How is it that a monstrously successful and eminently popular app ecosystem took the world by storm in the last four years but still can't get its own
house in order? Notably, the storefronts driving app discovery are little better now than when they started -- first with the Apple App Store and then with Android/Google's Play and Amazon's Appstore.
After all this time and billions of downloads, most of us still rely on app bestseller lists, haphazard friend recommendations or press mentions to find apps we like. The digital tools for
merchandising, personalization and discovery are woefully inadequate for catalogs that openly boast about having hundreds of millions of entries.
I have been whining about this all by my lonesome now for years. It is good to have some company. Pfeiffer Consulting in the UK just issued a critical (in both senses of the word) review of the three major app venues and seemed astonished at how little progress has been made here. In scoring the big three, it concludes: “none of the current instances come even close to providing the features a mature app store could provide.” Yeah, what they said. See? I knew I was right about this.

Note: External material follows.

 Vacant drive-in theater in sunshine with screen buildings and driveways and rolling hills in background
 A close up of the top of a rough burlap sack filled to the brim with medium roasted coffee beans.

They evaluated the stores or search, of course. But they also scored for how well stores segmented their offerings and guided the user toward the apps that were appropriate for their current platform or targeted specific use cases and needs. Pfeiffer also looks at how much friction is put into the process by missing features and UI.
While Google (33 out of 100) led Apple (25/100) and Amazon (14), even the supposed search king lacked obvious tools like natural-language search or advanced filtering. Ideally, Pfeiffer contends, a strong app search tool should have not only natural-language search but Boolean and advanced filters, spelling correction and sort options.
When it comes to assisted discovery, Apple (44 out of 100) far outstrips Amazon (8.4) and Google Play (2.25) simply because it has so many (3,500) separate groupings and categories of apps. Still, Pfeiffer contends we need app stores with more multi-level categorization, groupings that better match use cases and professions, and groups that reflect trends in actual use and user needs.
In terms of overall app maturity, none of the app stores even approached what should be possible and expected by this point. In overall score, the Apple App Store was judged 53.1 compared to Google Play at 40.9 and Amazon Appstore at 34.1. While Apple continues to excel in app discoverability, design and reducing user friction, the field is relatively stagnant.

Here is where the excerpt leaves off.